Senior Megan Metz chooses not to eat from the school cafeteria because she believes that she can make better, healthier choices by preparing her own food and going home for lunch every day.
“As soon as I was given the option of going out to lunch, I decided I was never going to eat in the cafeteria again,” Metz said. “I have always been concerned about my health and the choices I make. Currently, I am eating gluten-free — because roughly 98 percent of all wheat is processed, even whole wheat — due to the advice from a trainer I trust.”
Metz, who hasn’t had soda in two years, has grown up eating foods such as flank steak, wild rice, brussel sprouts and quinoa, a type of gluten-free wheat. Accustomed to eating healthy foods, Metz says that she finds the meals in the cafeteria “quite different.”
“School lunches are more geared towards teenagers and, although they try to be healthy, fail miserably,” Metz said. “I refuse to eat anything from the school cafeteria; some past swim coaches have told me not to eat anything there.”
However, Metz does think that even more changes could be made to further improve the quality and nutrition of cafeteria meals. For example, she says that fresh ingredients could be brought in and the unhealthiest options could be eliminated. Also, sauces could be made with less sugar and no preservatives in order to improve their freshness and taste.

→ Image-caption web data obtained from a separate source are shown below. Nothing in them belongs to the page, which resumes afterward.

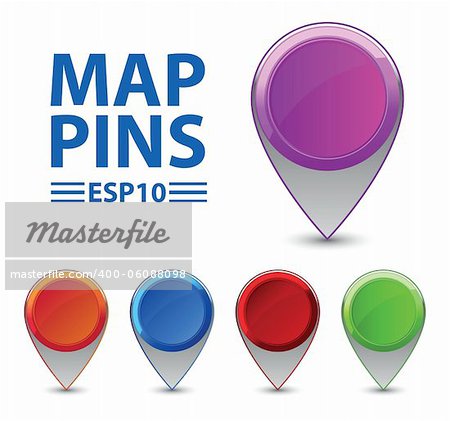 Vector Pointers - map pins illustration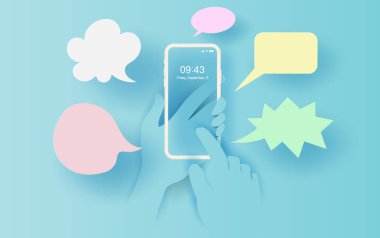 Hand 'in 3D çizimi Sms ile akıllı telefonu tutuyor 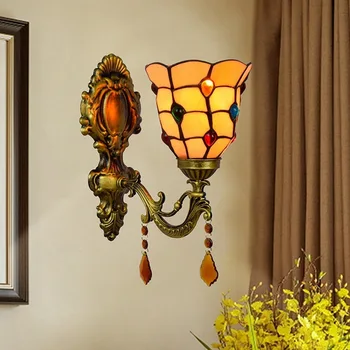 

2020 New Arrival Lamparas De Pared Light Luminaire European Retro Mirror Lamp American Rural Crystal Bedside Wall Aisle Bead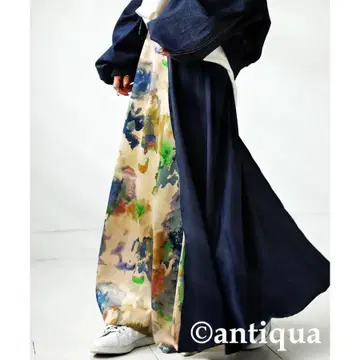 antiqua 수채화 패턴 절개 아시메 스커트 스커트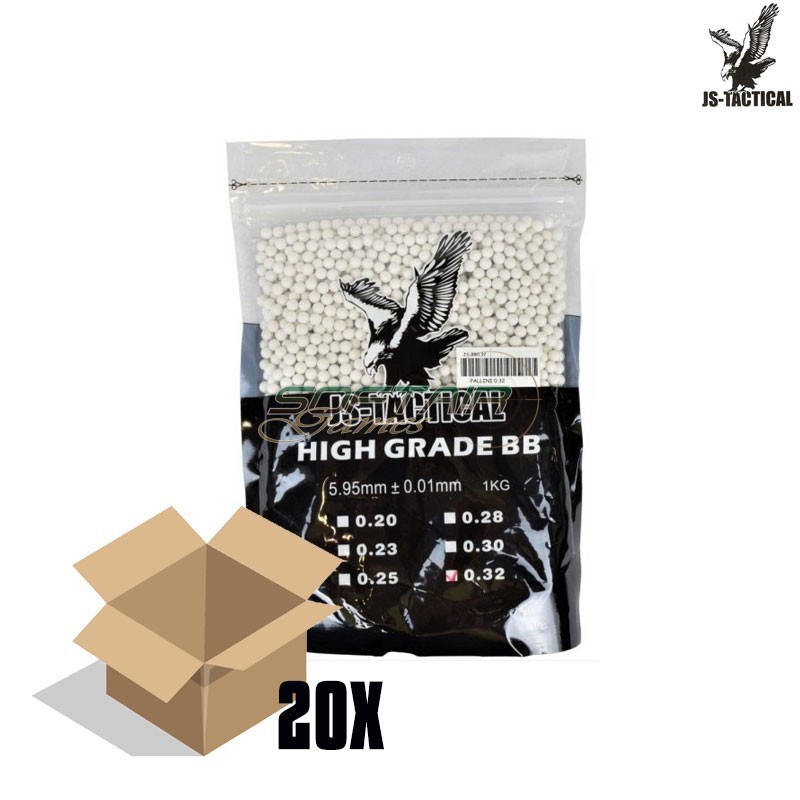 Box 20 Packages BB perfect WHITE 0.32gr JS Tactical (js-bb0.32-cart) Box 20 Packages BB perfect WHITE 0.32gr JS Tactical (js-bb0.32-cart)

“It all comes down to money — and good, healthy food is always more costly,” Metz said. “However, I think a few small changes could be made that could potentially improve the quality of the school food. This isn’t a problem with just Shawnee Mission East, this is a problem all over the United States.”

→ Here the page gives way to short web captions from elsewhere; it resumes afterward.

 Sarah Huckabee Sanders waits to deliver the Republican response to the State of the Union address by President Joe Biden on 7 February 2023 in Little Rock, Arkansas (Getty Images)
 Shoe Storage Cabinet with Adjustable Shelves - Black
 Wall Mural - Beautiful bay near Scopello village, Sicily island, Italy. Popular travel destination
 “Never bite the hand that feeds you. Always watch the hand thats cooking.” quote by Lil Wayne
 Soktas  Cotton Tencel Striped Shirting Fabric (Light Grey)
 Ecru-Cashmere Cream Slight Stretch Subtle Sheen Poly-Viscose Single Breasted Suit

Making healthy choices at school is ultimately up to the student, Coughenour explains. Often it is the little things that can influence a student’s well-being.
“Try to make small changes. Every change is a positive step toward making healthier choices,” Coughenour said. “Keep in mind moderation. If you want a cookie – then have one cookie but not three or four cookies.”
Sophomore Rob Simpson, who eats lunches from the cafeteria out of convenience, believes that previous changes made by the school haven’t made much of an effect.
“This year [the price of the pop tarts] decreased a little bit, but you get half the portion; or the cookies, you get two instead of three,” Simpson said. “On one hand it sort of helps with healthiness, but on the other it just kind of makes you spend more to get the same amount,”
During football season, Simpson says that he solves the portion problem by going back for seconds or thirds. But according to the new national guidelines, the focus is on the quality of the items being served, not so much the portion size.
A sample menu from the USDA shows that instead of serving a meal consisting of pizza, tater tots and canned pineapple, the school would serve whole wheat pizza, baked sweet potato fries, grape tomatoes and apple sauce.
Next year, the SMSD is planning on introducing new cafeteria items to reflect the changes. A chicken wrap is an item which has already been tested and was well received at SM South and will be put on the menu across the district this fall.
According to Glickman, these new revisions are steering schools down the right path.
“A number of schools have already shown that menus can be updated in ways that provide tasty and healthy offerings that appeal to kids of all ages,” Glickman said. “We all have a part to play in improving the health of our nation’s children. The USDA’s new standards are an important step in the right direction.”